Monthly Archives: January 2014

Old Travels

About two and a half years ago, my family and I embarked upon a trip to various holy places in southern India. We crammed ten people into a van and set off, ready to pray and take in the sights. The journey itself was awful; we had car troubles about halfway through the first segment of our drive, and spent several hours by the side of the road. We got to watch a rather bedraggled group cut down a giant tree with hand saws, and took more pictures than were strictly necessary. We had broken down right next to a household that was in some way associated with agriculture (the exact connection was never made clear to me) so there was also assorted livestock present.

When we finally got back on the road, we had wasted most of the day, and had to adjust our whole itinerary to account for the lost time.
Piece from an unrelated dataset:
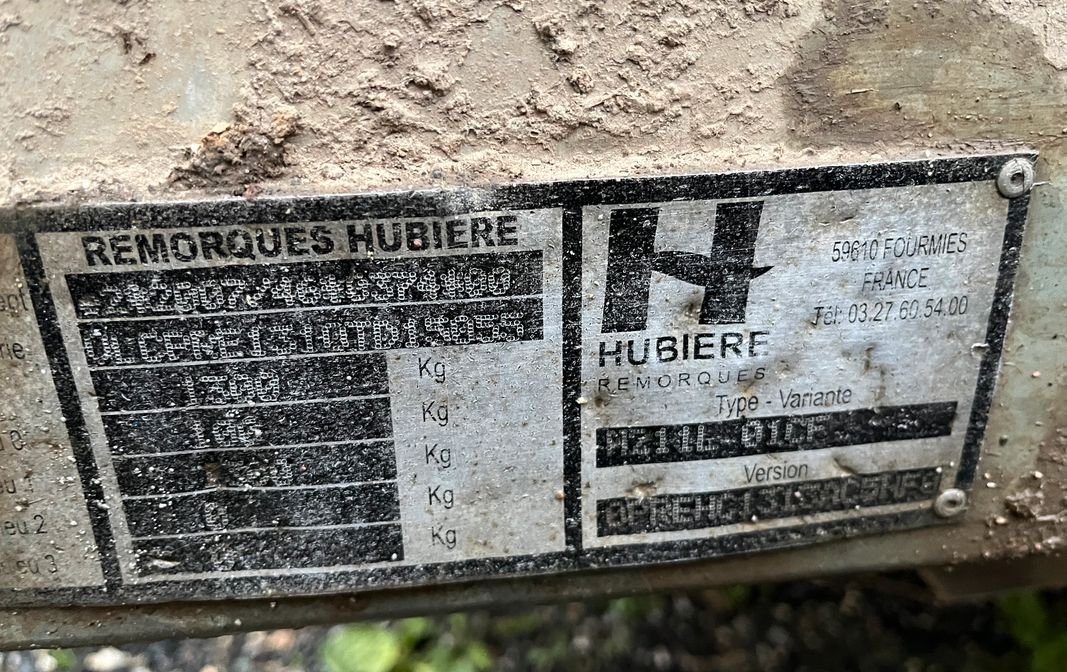 Remorque Hubiere basculante grillagée 3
Eventually, though, we made it to our cousins’ house, where we would be staying for the night. Over the next couple of days, we proceeded to visit several temples in Southern India – the two that are prominent in my memory are the Annapoorneshwari temple in Horanadu, and Belur Temple.

There is a third temple that I remember – it was high up on a hill, and when I climbed to the top I was surrounded by lush vegetation and stone effigies that made me feel instantly reverent. But unfortunately, the important details – such as the name of the temple, and its location – aren’t coming to mind.
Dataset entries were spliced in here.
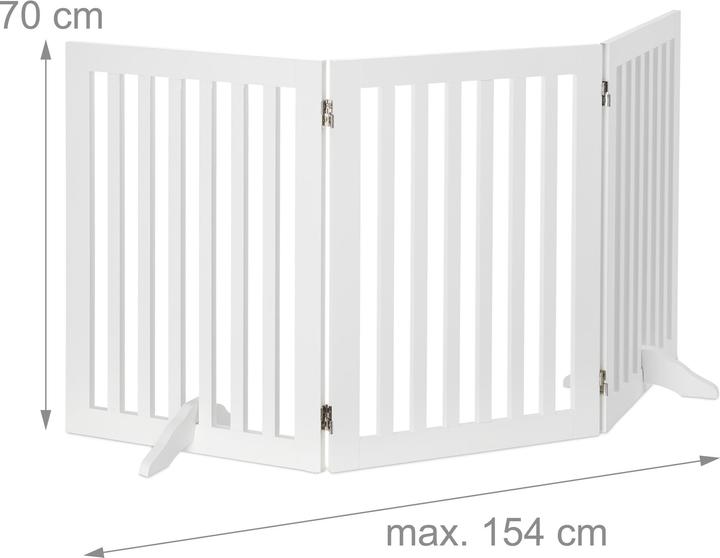 Produktbild Relaxdays Absperrgitter (30 cm)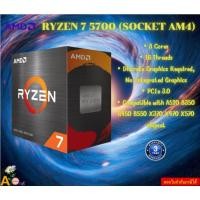 ราคา CPU (ซีพียู) AMD RYZEN 7 5700G 3.8 GHz (SOCKET AM4) Frequency3.8 GHz Turbo4.6 GHz รับประกันสินค้า3ปี (29954170685)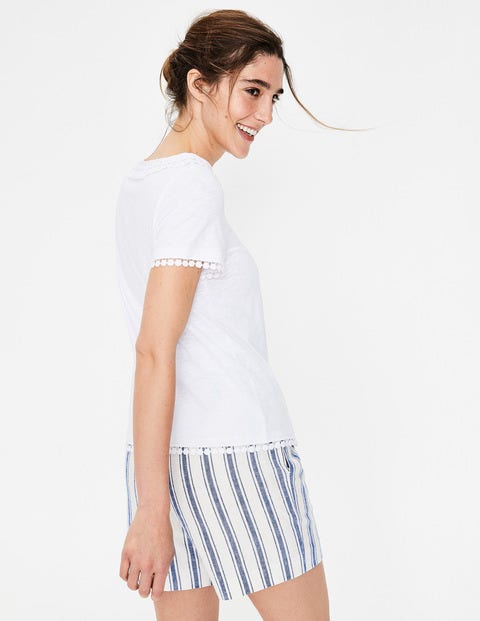 Thelma Jersey T-Shirt - White Thelma Jersey T-Shirt - White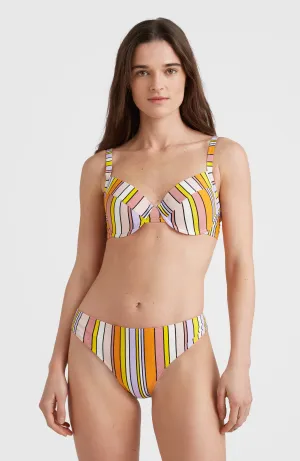 Julia Wb - Rita Moulded Wire Bikini Set | Multi Stripe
Annapoorneshwari is known as the goddess who feeds the hungry, and there’s a belief that if you pray to her, and offer her what you have, you will never go hungry. To be honest, I’m a fairly irreverent person – but that moment when I was in the temple, and I was watching the priests, and I looked at the idol at the front, I felt a higher power – or a placebo effect – and whatever hit me, I still believe in it. Even our trip down,  wherein I spent eight hours with my three year old cousin sitting squarely atop my bladder and had to take an emergency pee in a weird shed area, couldn’t diminish what I felt at that moment.

Both of the temples were steeped in local history, and it was really great to see a part of my culture and history that I hadn’t seen before. I was born in India, but I’ve lived in the States most of my life. While our house was very much a Hindu household, there is something different about walking to a temple surrounded by other devotees. For some reason, visiting these temples that were in the middle of nature, looking as though they had grown rather than been built, was one of the best experiences of my life.

In fact, the picture at the top of this page – my blog header itself – is from this trip. It’s a subsection of the base of Belur Temple – every inch of the temple has been carved into intricate designs, many of which include animals and ancient Hindu mythology.

It’s there for a couple of different reasons. First, because no matter where I go in the future, I don’t want to forget where I came from, or the trip that meant the most to me – I refuse to forget who I am, because while I want to grow and change with new experiences, there are some things I value about myself I’m not willing to leave quite yet. The other reason is because I want to remember the way I felt on that trip, and how I viewed all those new places; I don’t want to forget the newness, the inspiration, or the sheer awe I felt, looking at a temple that took over a hundred years and three ruling princes to build.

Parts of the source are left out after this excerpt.